毎日、夜になると、東京の夕焼けのことを思い出し、仲の良かった友達や、親戚や、自由な街並みに思いを馳せた。「東京に戻りたい。。。」そう思って、学校帰り、半ば家出のように駅に向かって歩き出そうとしてしまったことさえある。

時が流れ、自分が大人になるにつれ、何もない田舎だと思っていた街は、どんどん、都市化が進んで便利になっていった。ビルが増え、ショッピングモールも近くにでき、学校帰り、仕事帰りに時間をつぶす場所も増えていった。そして、街中の緑の美しさに心を癒されることが増えた。海にも山にも近いこの街を美しいと感じ、時と共に居心地の悪さは、薄れていったのだと思う。でも、幼少期から続いてきた劣等感のせいか、自分の住む街を「ふるさと」と呼ぶことにわずかばかりの抵抗があった。

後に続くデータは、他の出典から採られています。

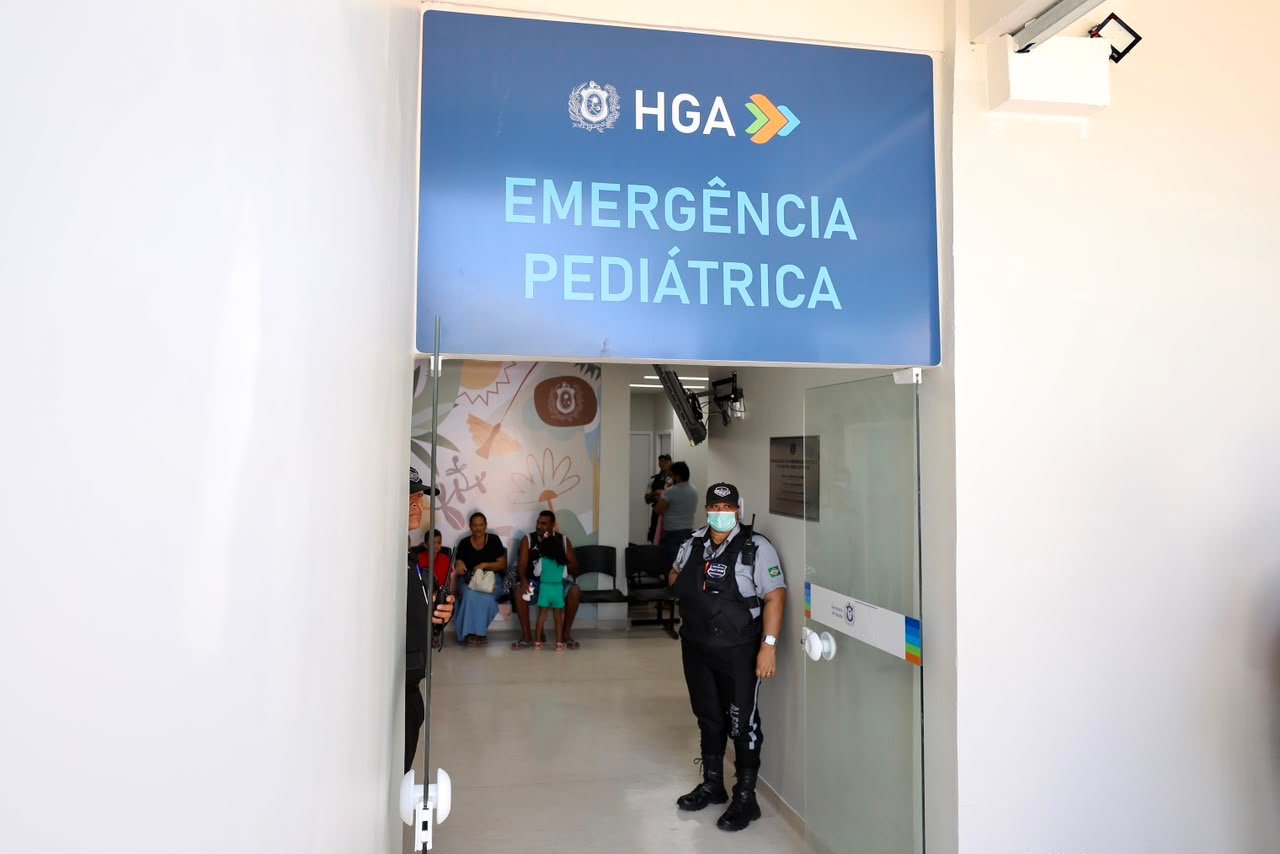 Governo de Pernambuco investe mais de R$ 17,5 milhões na requalificação do Hospital Geral de Areias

そうして、2011年の3月、大きな地震が私の街を襲った。私は、沿岸部の人たちほど、大きな被害を受けたわけではなかった。それでも、昨日まで、人が行き交い、活気があった自分の街のあちこちにブルーシートがかけられた屋根が見え、人影が消えた。暗さに沈んだ通りを歩く度、心の奥が痛んでいくのを感じていた。会社帰りのある日、街のスタジアムに「俺たちの街に笑顔を取り戻そう!いつの日か」という横断幕がかけられているのを見たとき、自然に涙が零れ落ちた。
とりもどしたい、みんなの笑顔を、そして元気を。長い時間をかけて、私は東北の人間になっていたのだ。この街は、まぎれもなく、私のふるさとなのだ。こんな状況でやっと、私は私にとってかけがえのない場所の存在に気づけたのだった。

震災から数年たち、少しずつ、街の復興が進んできたとき、私は東京の暮らしていた場所を再び訪ねた。親戚と、震災の頃の恐怖を共有し、一枚の写真をデジカメでみんなに見せたとき、全員、思わず目に涙を浮かべていた。昔住んでいた家の近く、川が流れるその光景に映っていたのは、赤い夕焼けだった。そう、私がオルガンの部屋からみていたのと同じあの赤い夕焼け。それは幼い頃、初めて夏という季節を認識した私にとっての特別な光景だったのだ。久しぶりにあのころと変わらない、真っ赤な夕焼けと環七の景色を写真に収めたとき、この場所も自分にとって、やはり特別な「ふるさと」なのだと、思った。

 

 

ふるさとのことを考えていた時に、心に沸き上がってきた曲を紹介したいと思う。

土岐麻子の「Home」とクラムボンの「タイムライン」。今の私の気持ちをすごく表現できる曲だと思う。

 

youtu.be

 

youtu.be

 

どんな街に住みたいか、今聞かれたら、やはり今住んでいるふるさとと、昔住んでいたふるさと両方に住みたいと私は答えるだろう。「ただいま」と言える澄んだ風の東北の街と、特別に美しい夕焼けが見えるあの東京の街。二つの街は、自分にとっての「Home sweet home」だ。